• _WORK ITEM_
When you reach the line containing "Irwin FK150 Folding", begin reproducing the material exactly, stop after the line containing "Image showing Small", and leave out any pictures along the way.

• _ENTRIES SUPPLIED_
• • •

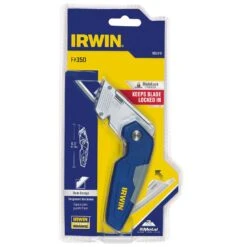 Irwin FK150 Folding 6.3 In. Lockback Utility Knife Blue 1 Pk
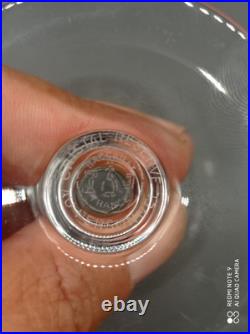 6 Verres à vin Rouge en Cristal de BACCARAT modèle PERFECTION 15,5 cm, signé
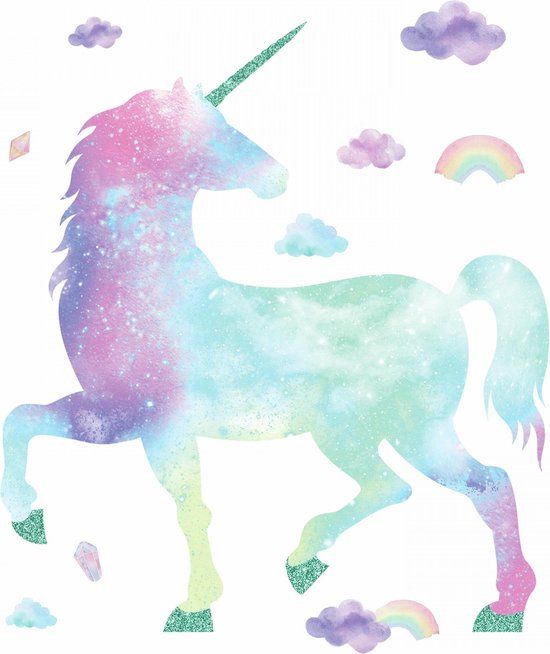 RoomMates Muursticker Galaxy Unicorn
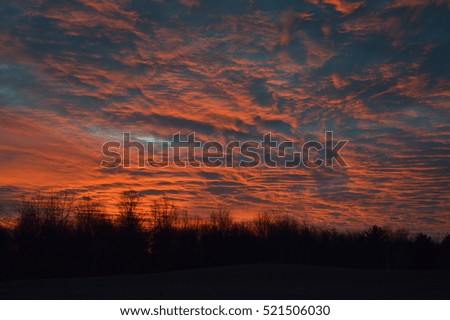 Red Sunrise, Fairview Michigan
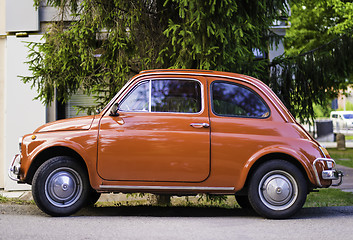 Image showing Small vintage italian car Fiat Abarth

• • •

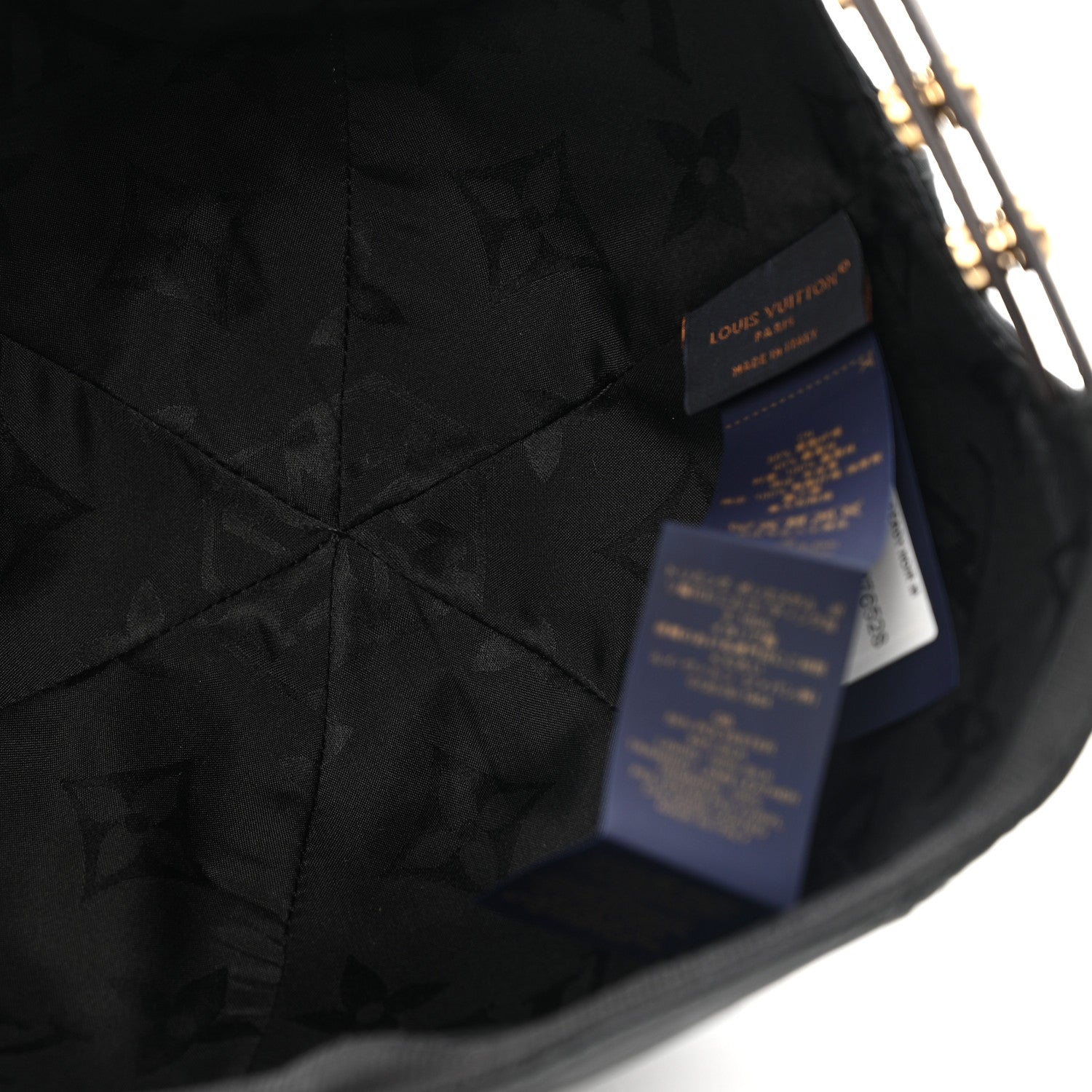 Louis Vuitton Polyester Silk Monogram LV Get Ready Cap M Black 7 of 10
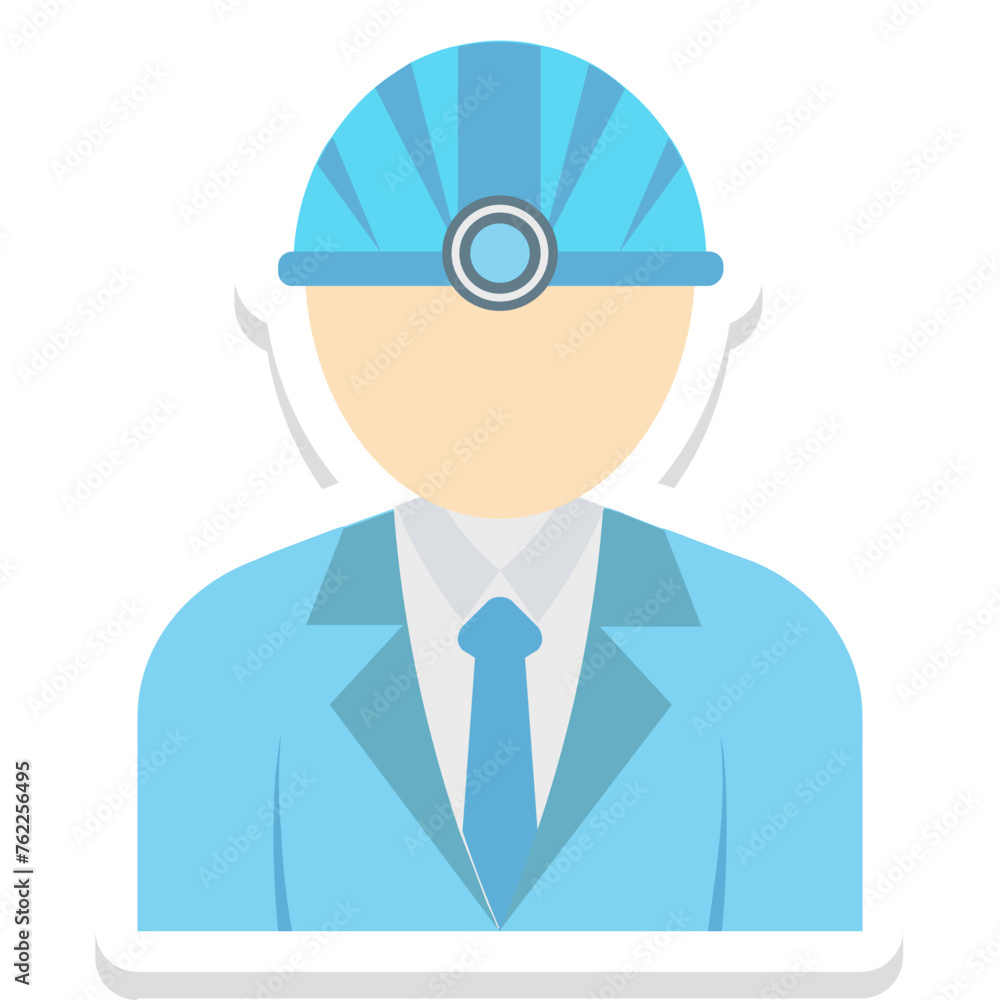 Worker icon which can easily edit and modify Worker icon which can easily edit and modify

• • •

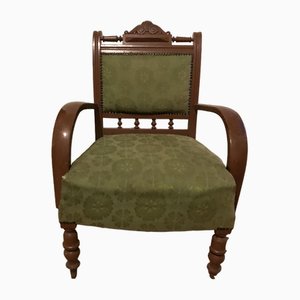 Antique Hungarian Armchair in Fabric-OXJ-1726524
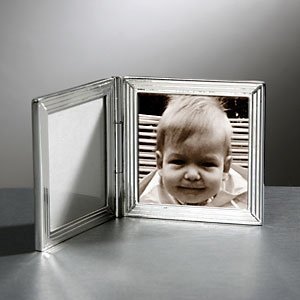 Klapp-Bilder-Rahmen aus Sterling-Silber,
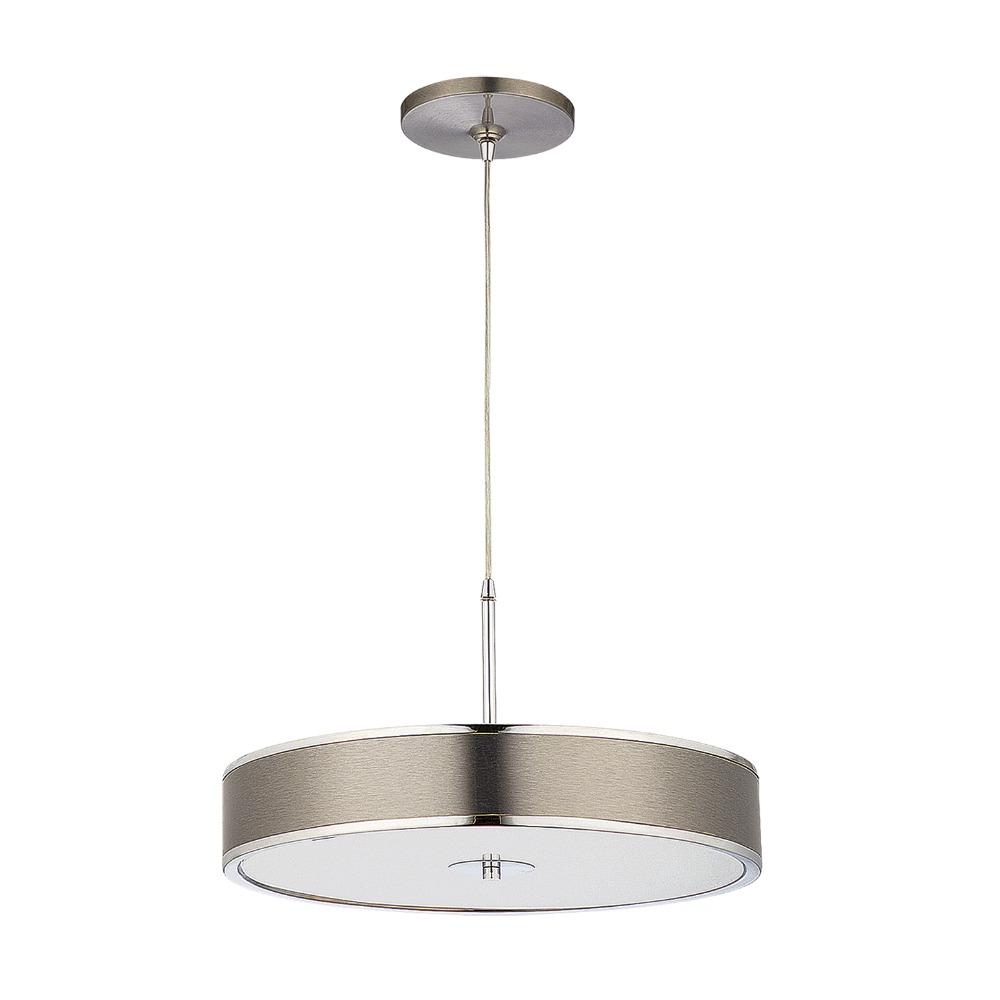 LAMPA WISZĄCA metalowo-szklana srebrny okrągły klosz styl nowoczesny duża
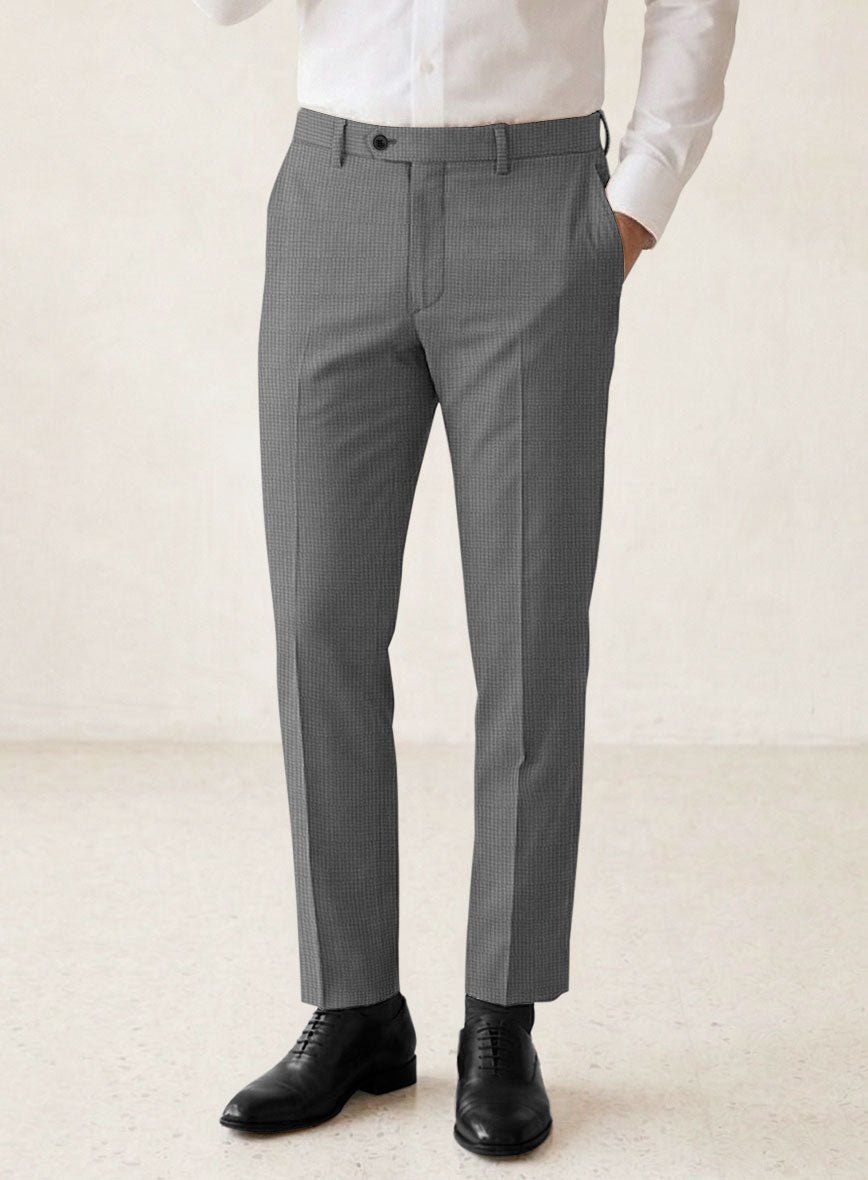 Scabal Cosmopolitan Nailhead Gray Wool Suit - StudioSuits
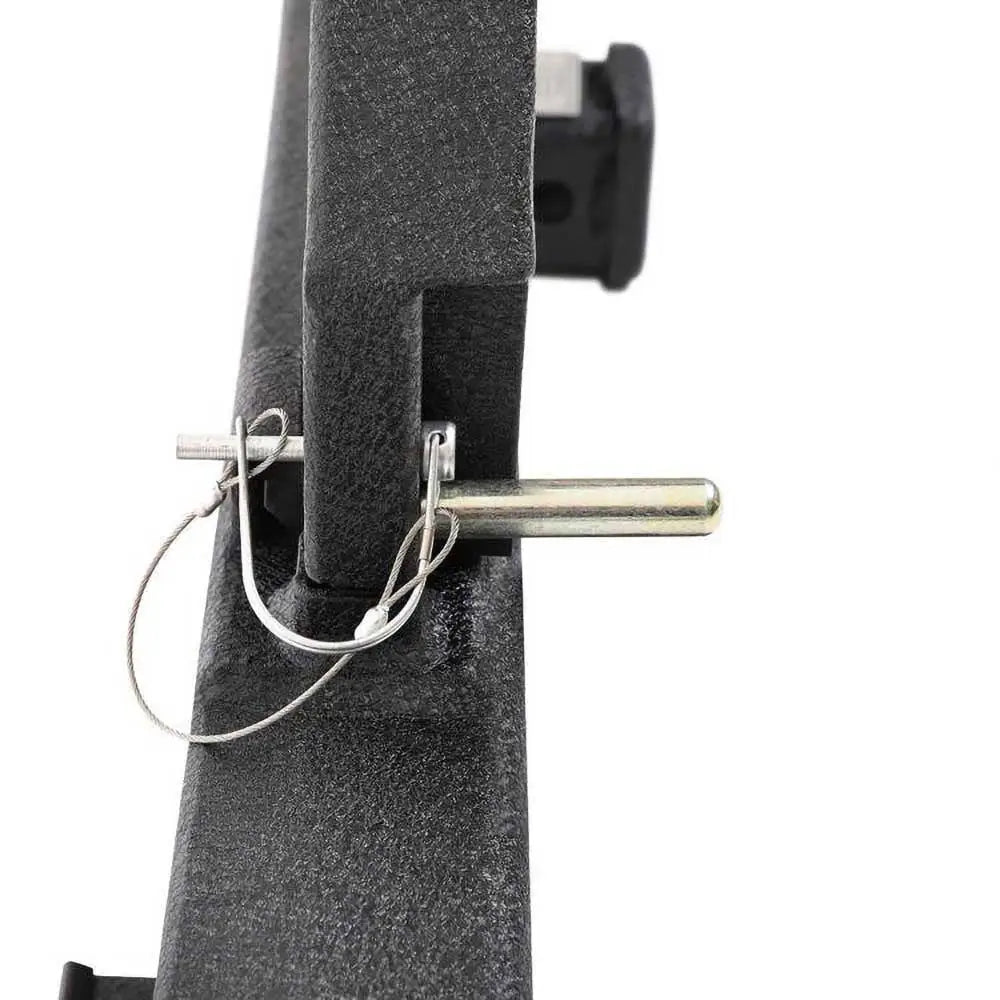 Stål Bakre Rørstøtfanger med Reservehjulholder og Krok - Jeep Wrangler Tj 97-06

• • •

• _RESPONSE_
 Irwin FK150 Folding 6.3 In. Lockback Utility Knife Blue 1 Pk
 6 Verres à vin Rouge en Cristal de BACCARAT modèle PERFECTION 15,5 cm, signé
 RoomMates Muursticker Galaxy Unicorn
 Red Sunrise, Fairview Michigan
 Image showing Small vintage italian car Fiat Abarth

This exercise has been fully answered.